Russel Henley takes a 1-shot lead at Deutsche Bank
Rory McIlroy fires 7-under 64
Russell Henley doesn't get into contention as much as he'd like, though he is tough to beat when he's anywhere near the lead.
Rory McIlroy seems to be there all the time.
They were among a host of contenders Sunday at the Deutsche Bank Championship, setting up the second straight week in the FedEx Cup playoffs that the final round resembles more like a free-for-all.
The difference at the TPC Boston is the presence of McIlroy so high on the leaderboard.
Henley ran off five birdies in a seven-hole stretch around the turn on his way to a 6-under 65, giving him a one-shot lead over Billy Horschel going into a Labor Day finish loaded with possibilities.

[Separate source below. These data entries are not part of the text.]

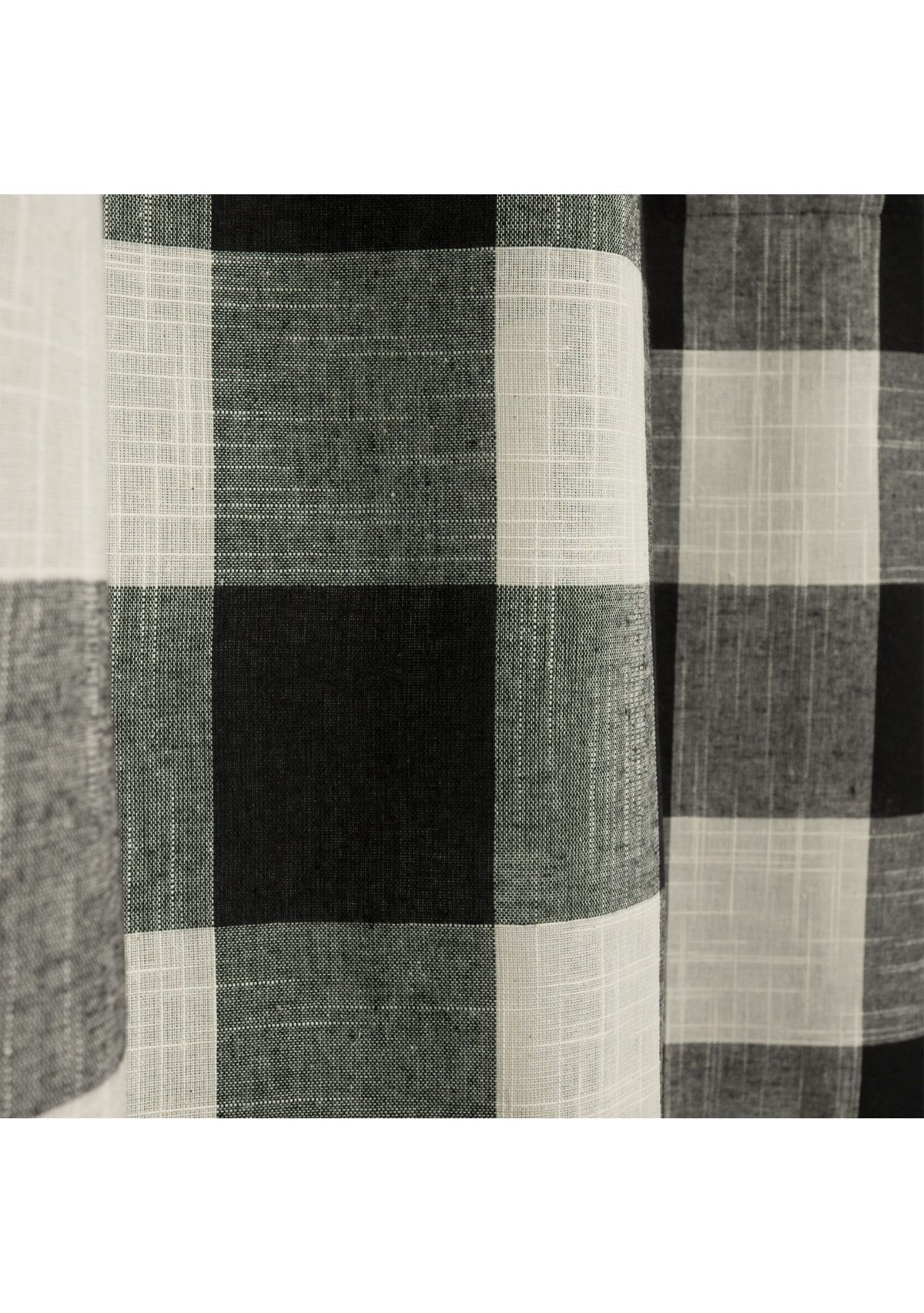 Courtyard Grommet Plaid Window Curtain Single Panel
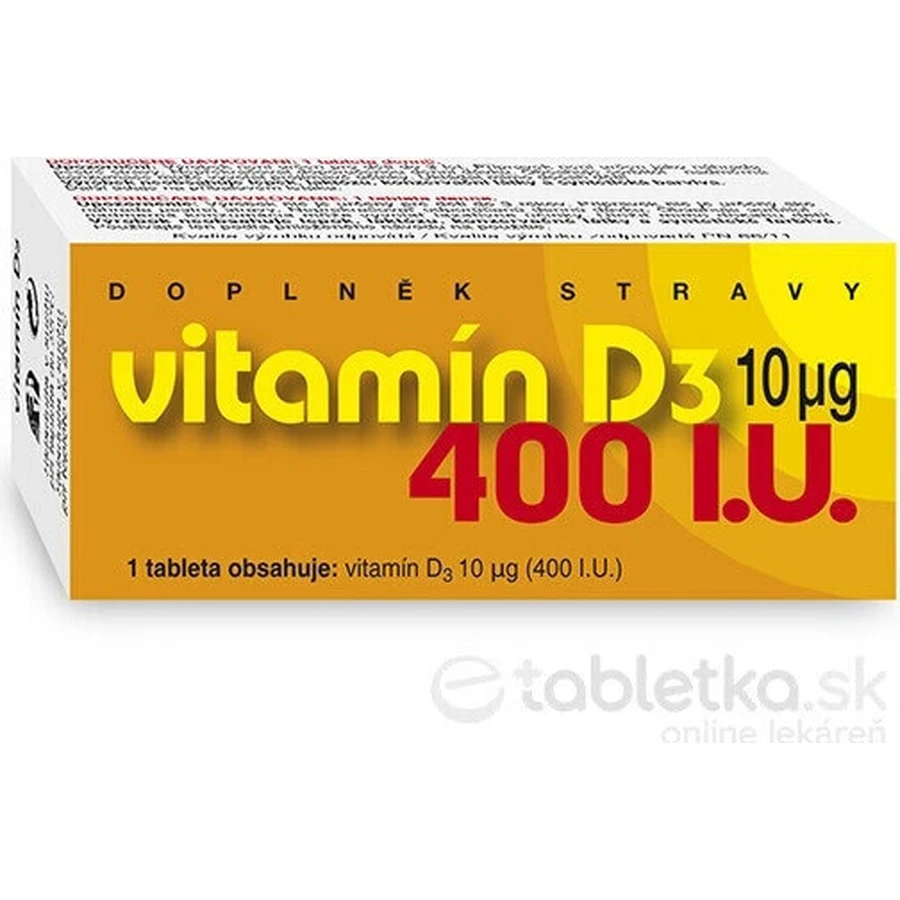 NATURVITA VITAMIN D3 10 мкг (400 МО) 1×90 тбл, вітамін D3: ціни та характеристики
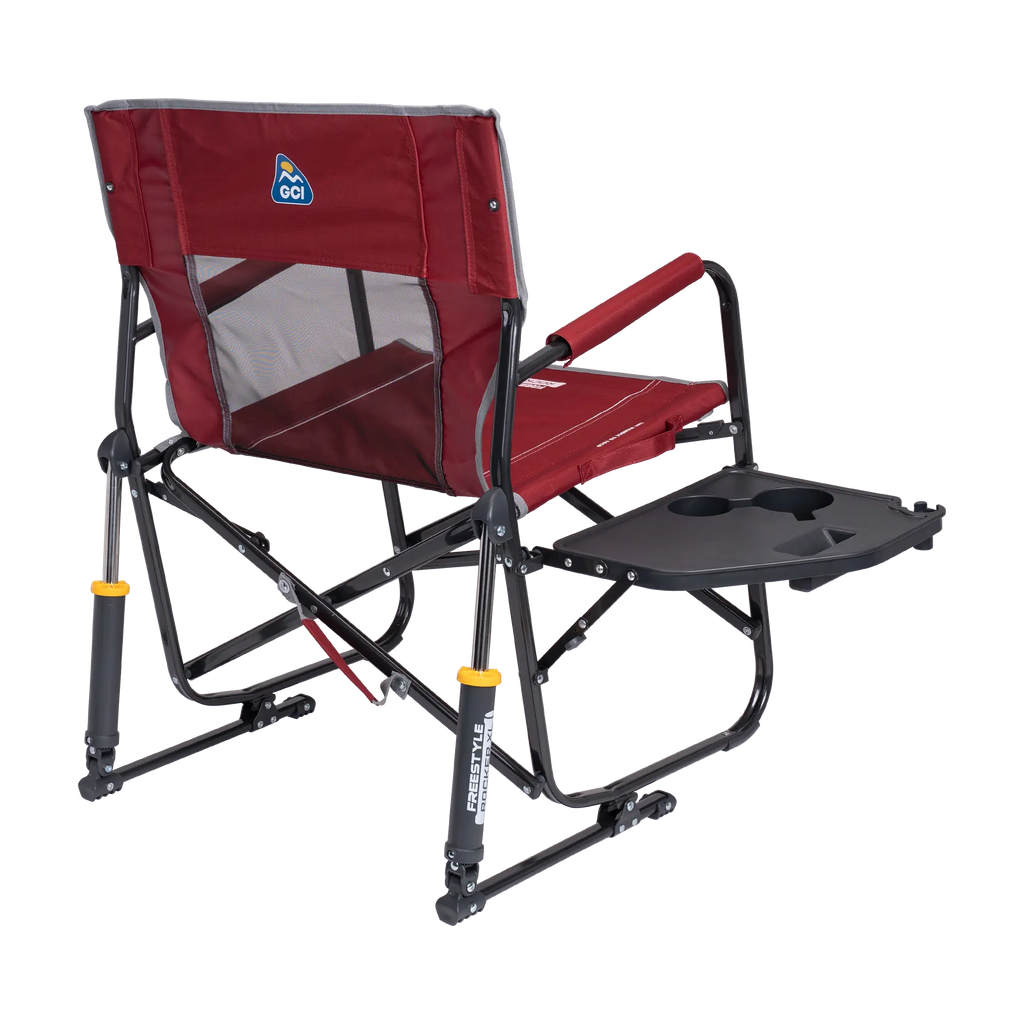 Patented Spring-Action Freestyle Rocker XL with Side Table - Choice 836 - Patented Spring-Action Rocking Chair for Camping Detail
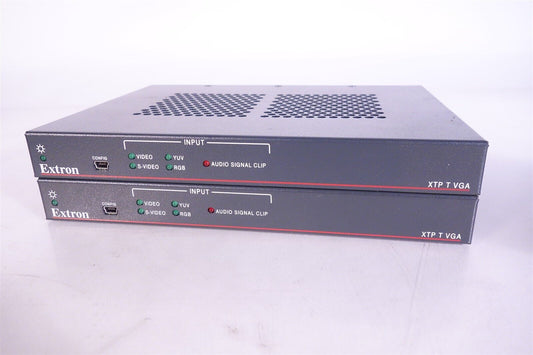 Lot of 2 Extron XTP T VGA Universal XTP Transmitter for VGA 60-1231-12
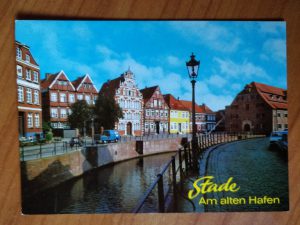 Postcard Stade am alten Hafen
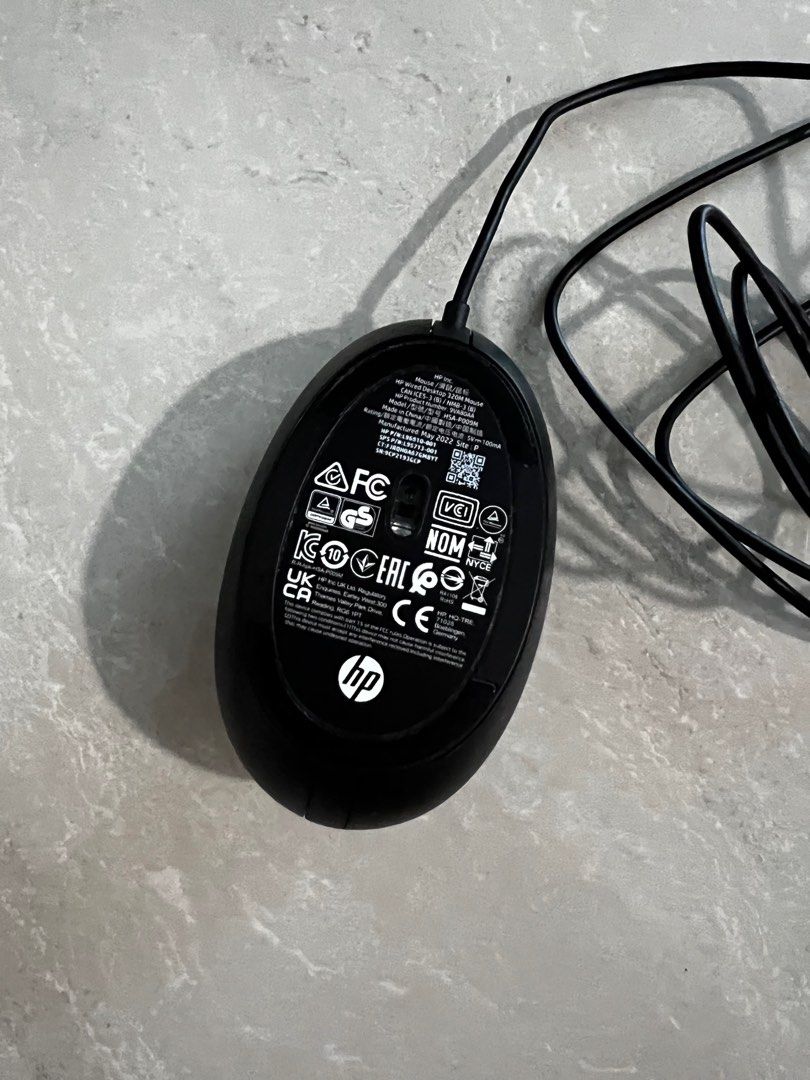 Hp wired mouse63205793065730111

Ten players were separated by four shots. Six of them already have won on the PGA Tour this season.
And one of them — McIlroy — has won the biggest events.
McIlroy was dialed in with his swing and shot a 7-under 64 to get within two shots of the lead. He played with Chris Kirk, who also shot a 64 with birdies on his last two holes — a chip-in for birdie on a shot that would have gone 10 feet by the hole had it not banged into the pin, and an eagle putt that stopped an inch short on the 18th.
"I've been in this position quite a lot recently," McIlroy said. "So I know how it's going to feel tomorrow."
Henley was at 12-under 201. He will play in the final group with Horschel, who birdied his last three holes for a 67.
Henley can look as good as anyone, and then he can disappear. He won the Sony Open last year in his first PGA Tour event as a rookie last year, and never seriously contended again. He won the Honda Classic in March in a four-man playoff that included McIlroy, and since then has missed eight cuts and has only two finishes in the top 20.
"I think I'm just still figuring it all out," Henley said. "I feel like I've been working really hard on my ball-striking to keep the ball more in front of me. I always feel pretty good with my putter. The other thing I have to work on is my attitude, and not be so hard on myself."
Jason Day, who started Sunday tied with Ryan Palmer, reached 12 under with a short birdie putt on the 13th hole. But he missed a short par putt on the 14th and hooked his tee shot into high grass and had to pitch out, leading to another bogey on the 15th. Day also failed to birdie the par-5 18th and shot 69.
Palmer took bogey on two of the par 5s and shot 71 to fall four shots behind.
McIlroy won the British Open, a World Golf Championship and the PGA Championship to assert himself at No. 1 in the world. He is coming off a pedestrian week at The Barclays — at least by his standards — where he started with a 74 and could never catch up.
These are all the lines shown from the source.